I started describing my experiences on other platforms to get an insight in what a production environment should deliver to the programmer. Then I started to look closely at the delivered documentation and to my surprise all components that I needed where in fact in the package.

The following critique still remains however. The documentation of the package is too much fragmented, and most parts of the documentation are centered around technical aspects which do not bother the production programmer. This is understandable however. The documentation is written by the same people that implement them.

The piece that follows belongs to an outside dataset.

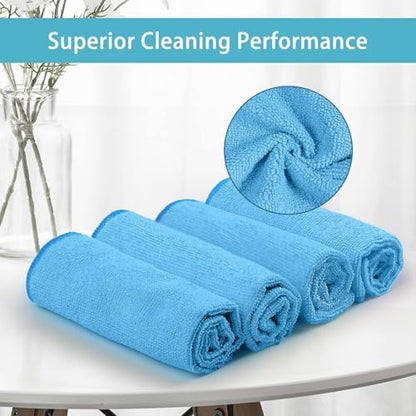 HOMEXCEL Blue Microfiber Cleaning Cloth, 100 Pack Cleaning Towels for Kitchen, Lint Free, Scratch-Free, Highly Absorbent, and Reusable Cleaning Rags for House, Window and Glass, Cars, 11.5 X11.5 inch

I know of my own experience that writing a user manual is very hard and it is easy to get lost in the technical details of the implementation that you know about.

The following parts of postgreSQL are important for the production programmer, and their documentation should be better integrated.

The psql processor
This is a nice tool to define all necessary objects in a database, to get acquainted with SQL and to test ideas and verify joins and queries.
The ecpg preprocessor
This is the main production tool to write applications which use database manipulation statements. This capacity should probably be extended to other languages too. Since all bindings from the selected cursor are made to program variables, records can be processed without the hassle of converting them from and to ASCII, and updates can be made through the 'exec sql update' statement.
The pgaccess package
The pgaccess package provides access to all parts of the database and offers the ability to design screens and reports. It is still in a development phase. I hope it will be extended in the future, because the basic idea is excellent and the first implementations are worthwile.

The libpq library is of no real value to a production programmer. It should be mainly a tool to be used in implementing integrated environments and database access languages. It could e.g. be used to create an xBase like environment (for those who wish to use this).

Further research

In the following weeks (months) I hope to setup a complete database system over a network, with one server and several types of clients (workstation, terminal, remote computer) through several interfaces (Ethernet, serial connections). I will investigate the several platforms for application development. I intend to have a closer look at the provided tools in the postgreSQL package (developing a simple database for my strip book collection), but I will also look at the possibilities that Java offers a development platform with JDBC, screen design and application programming.

One last note : for the moment I concentrate on using tools that I don't need to pay for, because I need the money for my hardware platforms and for my house. This does not mean that I am a die-hard 'software should be gratis' advocate. A production environment favors to pay for software, because then it knows that it has a complete tool with support and warranty (horror stories about bad support not withstanding).